Direct eye contact is expected in the Western world, but it can be more difficult in various Asian cultures where girls have been taught to look down. Some religions – such as Islam and Judaism – also have specific rules as to who is able to have direct contact with whom, especially when women are involved. While I respect all religions and diversity in the workplace, I still believe that “when in Rome, do as the Romans do.”
Therefore, if you are working in a Western business environment where usual Western business rules apply, you are expected to have direct eye contact when you speak to your colleagues, superiors or subordinates. If you don’t, you may appear to hide something or to avoid someone, and this may impact your chances of success at work, as well as in any social setting.
Nevertheless, if you are dealing with someone with the same cultural background as yours, it will probably be appropriate to apply your own customs.

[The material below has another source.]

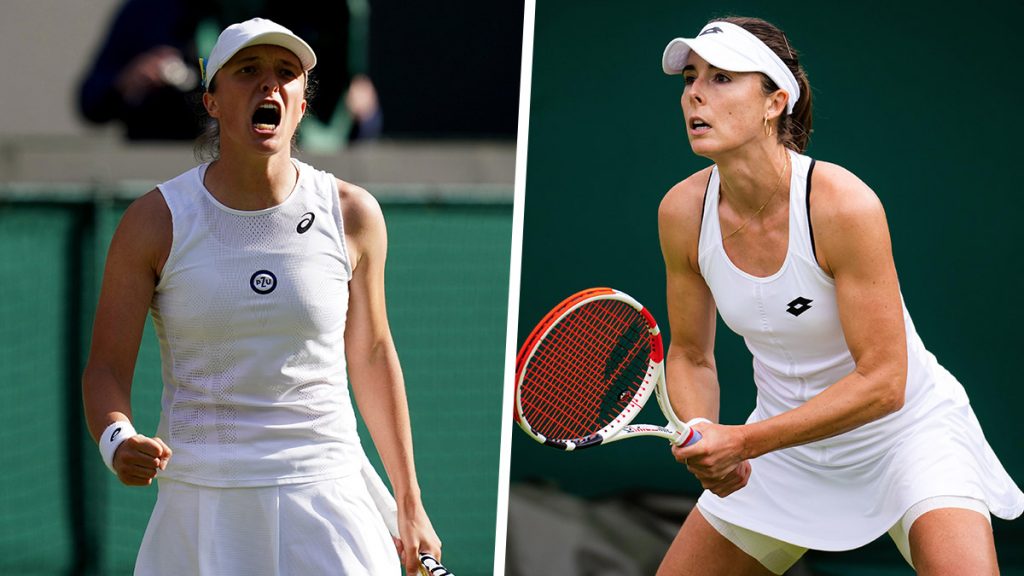 Watch Iga Swiatek v Alize Cornet: Live stream today's Wimbledon Third Round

Until the beginning of the 20th century, handshakes were reserved to men. However, as more and more women joined the workforce, they started to be expected to shake hands too. Today, any woman in a business environment is supposed to shake hands with men and with other women. Contrary to popular belief, women are not weakling! You can shake a woman’s hand firmly, as long as you hold the palm – not the fingers – and you don’t crush the hand.
Arthritis and Other Hand Weaknesses
If you notice that a person has arthritis or that the hand is looking frail – or if the owner of such hand tells your so – be gentle with this hand.
Always shake the right hand but if, for some reason, they offer their left hand to shake – maybe because they don’t have a right hand, their arm is in a cast, their right hand is dirty, etc. – then use your left hand too. In the South of France, I have sometimes seen people present their wrist or elbow to shake when their right hand was messy.
Just keep an open mind and you won’t have any problem with diversity in the workplace!
People suffering from Palmar Hyperhidrosis have very sweaty palms and this condition is not related to a temporary emotional state. Feeling very self-conscious about this, they often give a “dead fish” handshake, hoping that the sweaty palm will go unnoticed, which is of course an illusion. You will give a better impression of yourself with a good, strong… but wet handshake than with a dead fish one. You may want to mention your condition before the handshake. It is also a good idea to always carry a Kleenex with you to wipe your hands just before you extend it to someone else.
If you are worried about germs, be aware that we are constantly surrounded by germs anywhere – money, door knobs, grocery carts, restaurant menus, gym equipment, water taps, railings – not only when we touch people’s hands. So don’t avoid a handshake based on your fear of germs.
Remember that a handshake is a subconscious message that you send to someone else and the absence of handshake – when it would be expected – also sends a strong negative message that you don’t what to connect.
It is better to wash your hands or to carry an alcohol-based hand cleaner to use afterwards, than to refrain from giving a handshake. After a handshake, avoid touching your face or any part of your body until you have washed your hands.
Hopefully, those few suggestions will help you to promote diversity in the workplace with good social skills. Always be vigilant and aware that whatever you do – don’t do – in a social setting send a strong subconscious message about what you are about.